Rey, I'm not sure what you say here is consistent with what you said on the previous race thought experiment post. If having no parents means the duplicate of Chris Rock isn't black, but fake memories are enough to make lots of duplicates of the black people in our world, then why wouldn't the memories of the duplicate of Chris Rock be enough? Or do the memories only matter when the entire world has no history, and history matters when there is a history? I guess that view would be consistent, but what would be the motivation for such a view?
Yeah, I meant the latter. It'd be something like Plato's forms. I would never would have known what redness was except for the "memory" of redness and that would wind up being the definer of "redness" even if I had just popped into being. Going forward I'd say "This is red" but with the memory I'd also say "this is red now".
Do you just mean that people would call him black if there were no history but fake memories of it? Of course that would be true. But would they be correct to do so? Do the fake memories make it true somehow, even though they're false memories?
I think I see my problem. I'm incorporating into the thought model things about God and the nature of revelation which has nothing to do with the basis of the question. The YEC argument about starlight is a weak one but it's enough for me to say "yeah, okay, I guess that can happen and God would still remain truthful and people are still required to believe it."
But if I remove God from the thought model and say that everyone popped into existence five seconds ago but with all the memories of race and so forth, they would not be correct in using those racial categories, no.
Putting God back in though, and given Adam and Eve, it does make me wonder how I can justify the concept of race at all beyond some pseudo-cultural and general characteristic shorthand.

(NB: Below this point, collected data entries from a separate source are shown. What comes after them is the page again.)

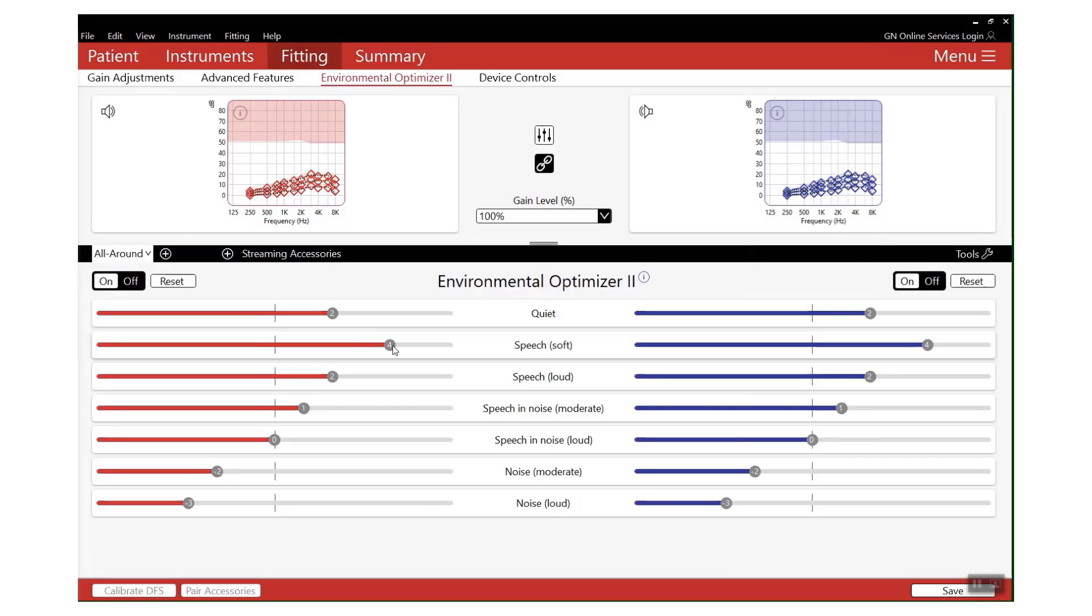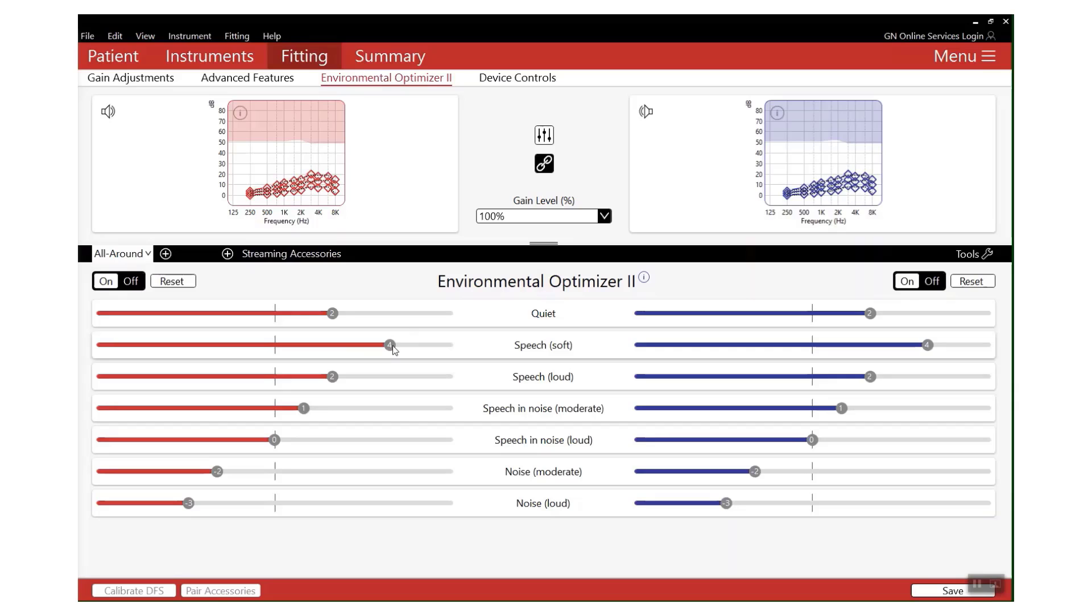Why would you want to do this? Well, sometimes one adjustment to solve one problem can cause another. For example, in this soft speech scenario, if I start increasing the high frequencies or the mid frequencies, I might then create more of an issue with things like the rustling of paper, food packaging, running water, and keys.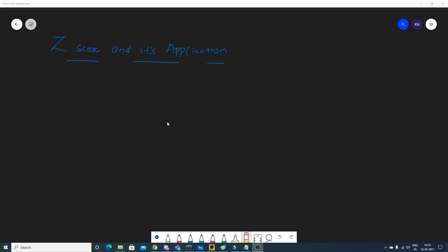Hello, my name is Krishnayak and welcome to my YouTube channel. Today in this video we are going to discuss a very important interview question: what is Z-score and its application.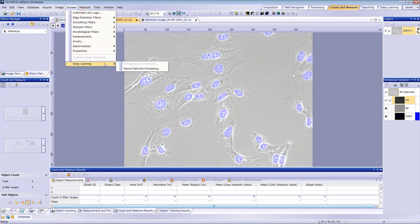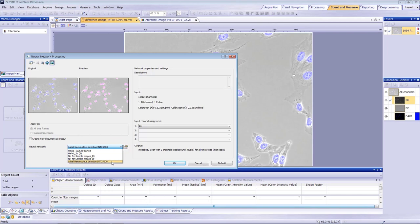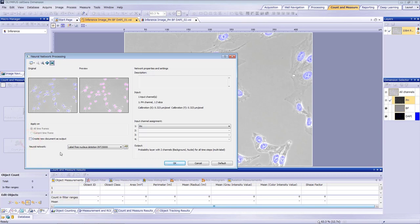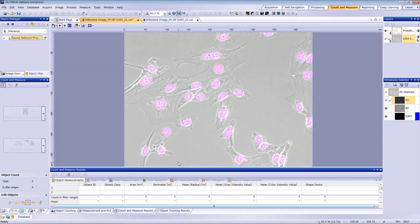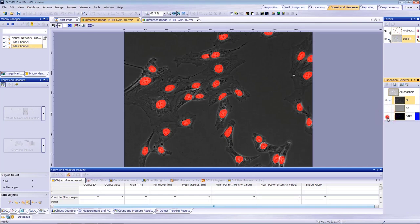From the menu bar, select Neural Network Processing and then select Neural Network. The input channel must be pH since this neural network was trained using the phase contrast channel. We recommend unchecking the Create New Document as Output box for macro recording. The resulting inference layer identifying the nuclei is shown as a probability layer. The red area shows the inferred nuclei from the pH channel.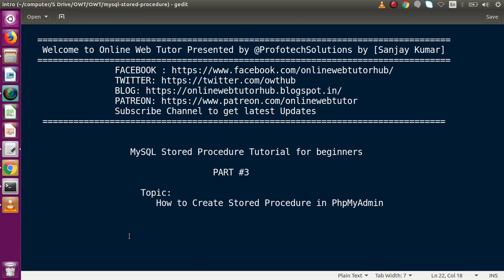Hello guys, welcome to Online Web Tutor, presented by Profile Relations Team. I am Sanjay. We are learning MySQL stored procedure tutorial for beginners. This is Part 3. Inside this video session, we will see how we can create a stored procedure using phpMyAdmin. In the last video, Part 2, we discussed how to create a stored procedure using MySQL syntax, where we created and saw an example of that.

Maybe you're just anticipating one of the conclusions I'm going to draw. If you just had the genetic information about everyone in the world, but they had no historical relations, it would be impossible to derive the racial groups we actually pay attention to (even if you might be able to categorize people into some sort of races without being biologically arbitrary). So the question then becomes what role historical relations play. They explain the use of our terms, but do they generate the actual categories, and does it affect things if (as is the case) some of the practices that are involved are thoroughly immoral and (as is also the case) some of the practices involve people believing false statements about the racial groups they classify people into? Can you accept such facts about racial classification and still think races are real? I think so. But it has implications about how your theory of race has to work. There are a few viable options, and they differ considerably, but I'm interested in teasing out people's intuitions at the pre-theoretical level.